As relações de produção, por seu lado, são representadas pela forma da propriedade, a qual, no capitalismo (propriedade privada dos meios de produção), cria a divisão entre as duas classes antagónicas fundamentais: uma classe proprietária e uma classe não proprietária. É, desta forma, o próprio desenvolvimento das forças produtivas que vai criar uma clivagem entre as forças produtivas e as relações de produção, criando uma contradição cuja resolução apenas se torna passível através de uma Revolução:

No desenvolvimento das forças produtivas advém uma fase em que surgem forças produtivas e meios de intercâmbio que, no marco das relações existentes, causam somente malefícios e não são mais forças de produção, mas forças de destruição (maquinaria e dinheiro) e, ligada a isso, surge uma classe que tem de suportar todos os fardos da sociedade sem desfrutar das suas vantagens e que, expulsa da sociedade, é forçada à mais decidida oposição a todas as outras classes; uma classe que configura a maioria dos membros de uma sociedade da qual emana a consciência da necessidade de uma revolução radical (MARX, Karl e ENGELS, Friedrich [1845-1846]. A Ideologia alemã: crítica da mais recente filosofia alemã em seus representantes Feuerbach, B. Bauer e Stirner, e do socialismo alemão em seus diferentes profetas. São Paulo – Boitempo, 2007, p. 37).

A contradição entre as forças produtivas e as relações de produção constitui a base objetiva da luta de classes, a qual surge como a própria expressão daquela contradição. A estrutura social é, assim, determinada, em última instância, pela estrutura económica, pelo que cada modo de produção dá lugar a um sistema específico de classes sociais que se definem em função da relação com os meios de produção:

[Homem] livre e escravo, patrício e plebeu, barão e servo [Leibeigener], burgueses de corporação [Zunftbürger] e oficial, em suma, opressores e oprimidos, estiveram em constante oposição uns aos outros, travaram uma luta ininterrupta, ora oculta ora aberta, uma luta que de cada vez acabou por uma reconfiguração revolucionária de toda a sociedade ou pelo declínio comum das classes em luta. Nas anteriores épocas da história encontramos quase por toda a parte uma articulação completa da sociedade em diversos estados [ou ordens sociais Stände], uma múltipla gradação das posições sociais. Na Roma antiga temos patrícios, cavaleiros, plebeus, escravos; na Idade Média: senhores feudais, vassalos, burgueses de corporação, oficiais, servos, e ainda por cima, quase em cada uma destas classes, de novo gradações particulares (MARX, Karl e ENGELS, Friedrich [1848]. Manifesto do Partido Comunista. Lisboa: Avante!, 1997, p. 26).

Notas

[1] O conhecimento, por seu lado, desenvolve-se a partir de conceitos que representam a realidade na qual o ser humano vive.

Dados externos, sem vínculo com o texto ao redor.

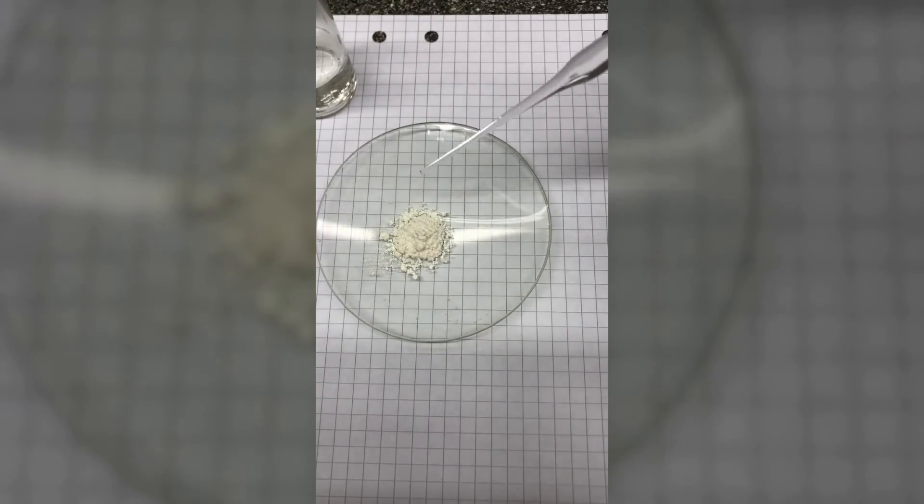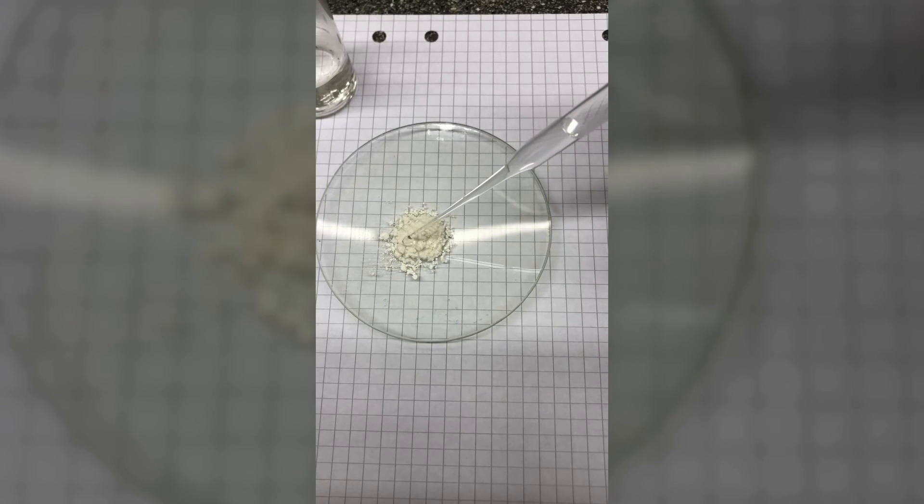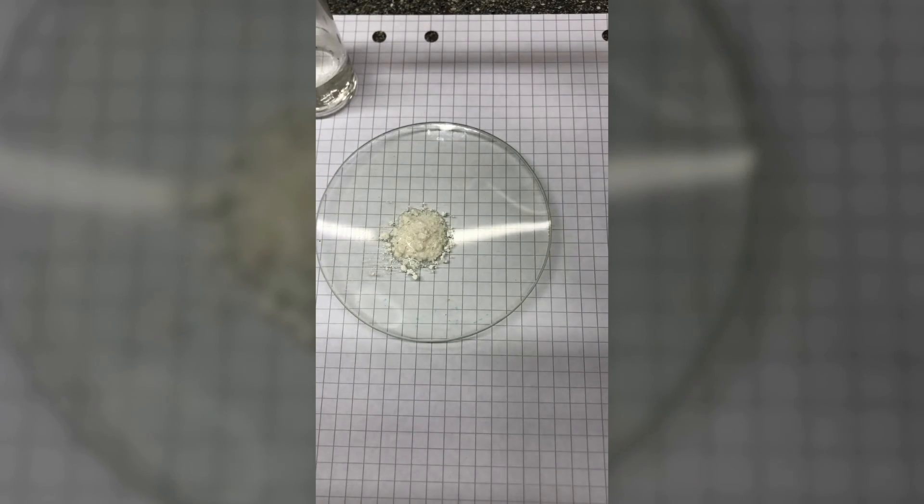And let's add some water. I guess this is saturated now. So we leave it for a while.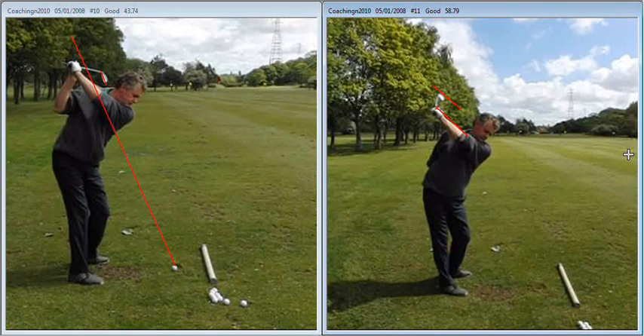As the lesson progressed, you started to see a much tighter shot pattern, and as you get more into it, you should start to see a more penetrating ball flight. Good luck — if you need any more advice, just give me a call. Well done.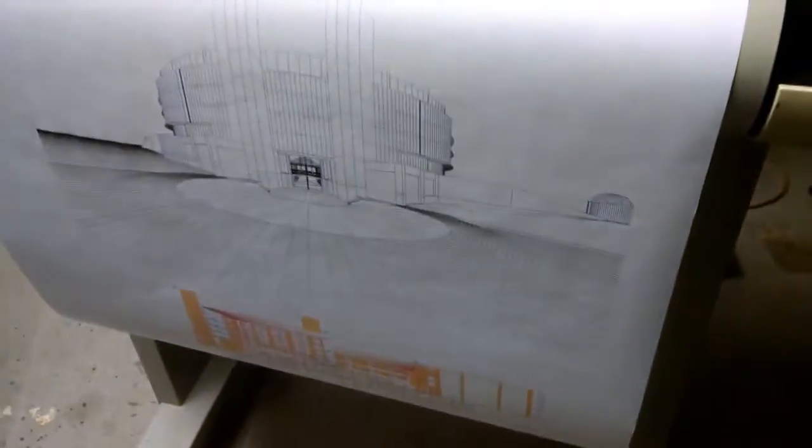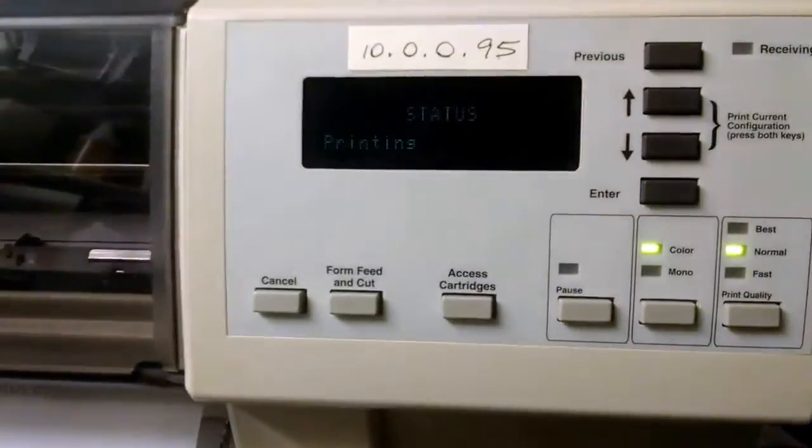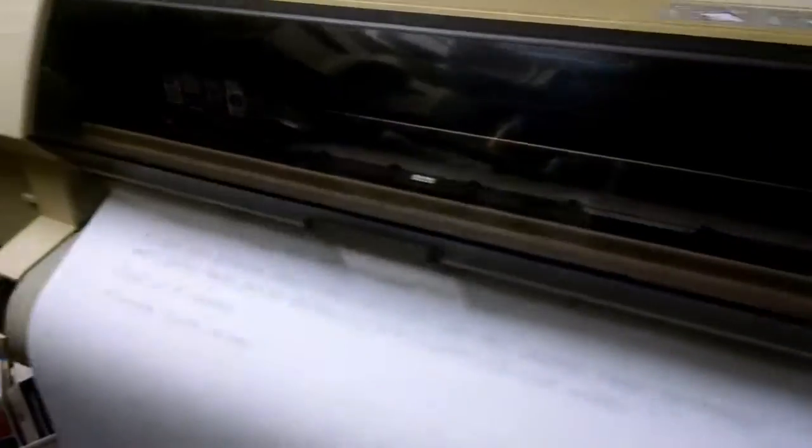Here's the Hewlett Packard DesignJet 750 printing. It's a 24 inch model and it comes with a paper rack and a stand. It has a new belt and a network card.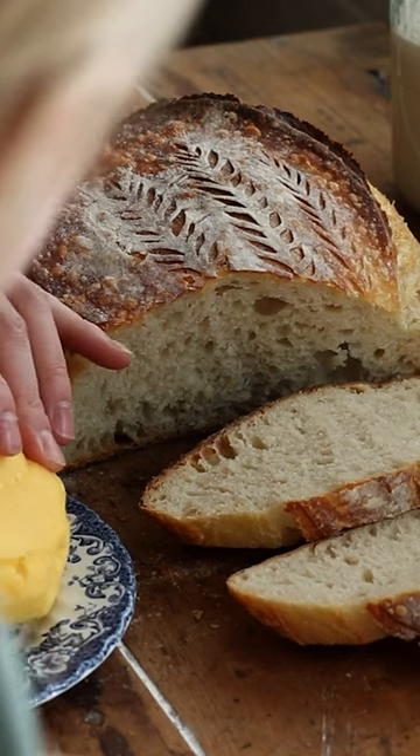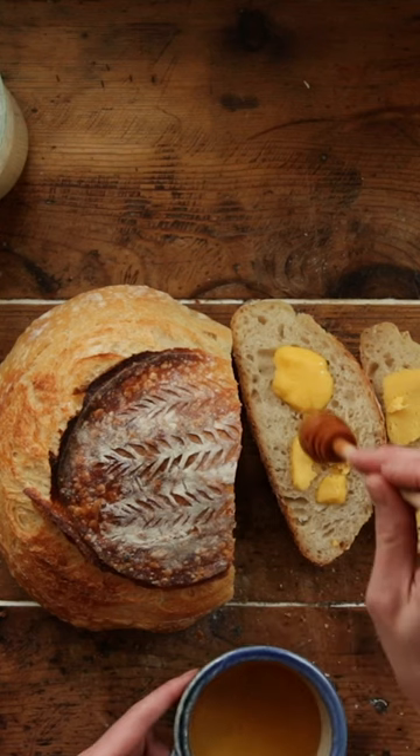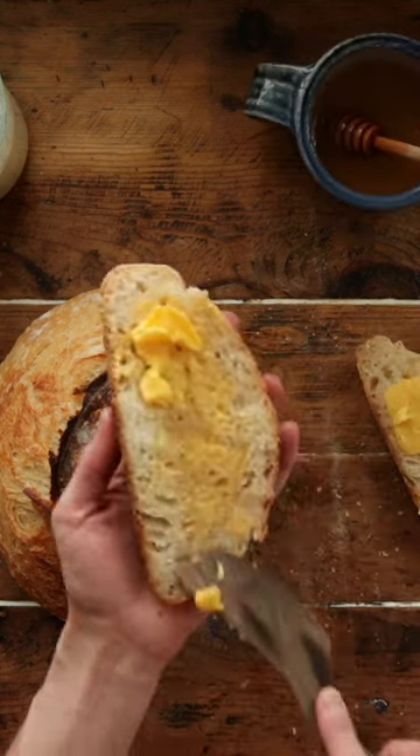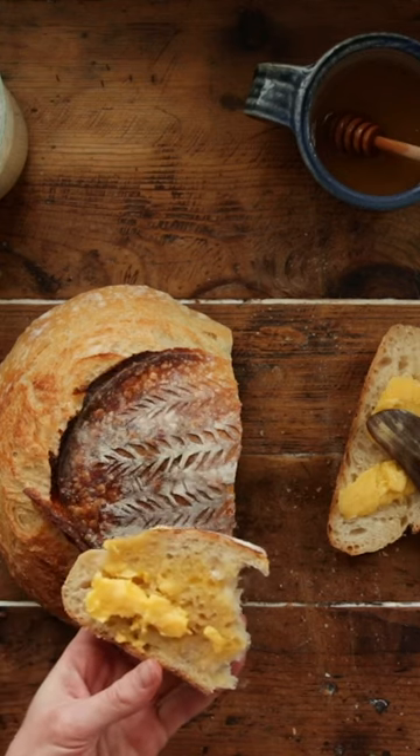It's hard butter and olive. Do you want some bread? Yes. Can you want this?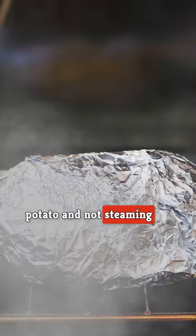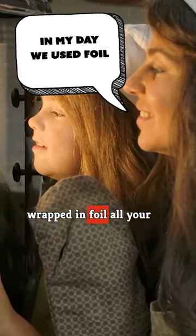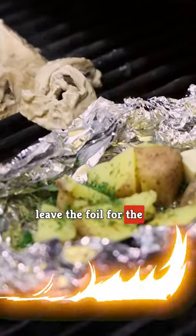Since you're baking your potato and not steaming it, you'll want to avoid the foil. Yes, we know that you've seen images of potatoes wrapped in foil all your life. However, if you want restaurant-quality baked potatoes, you should leave the foil for the campfire.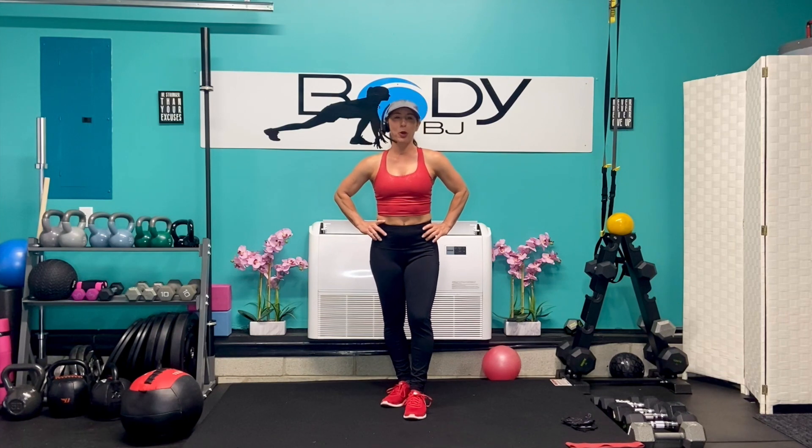Everyone, it's BJ and welcome back to the channel. Today is another express workout and it's going to be working the whole body. We're going to be doing 7 exercises one time through.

[2] O trabalho repete-se porque o ser humano não pode parar de trabalhar, pois, apesar de ser independente da sua vontade, aquele é essencial para a sua sobrevivência.

[3] No estrito sentido materialista, estas não são, aliás, ciências – já que as ciências têm de explicar as leis que governam a sociedade –, mas antes ideologias.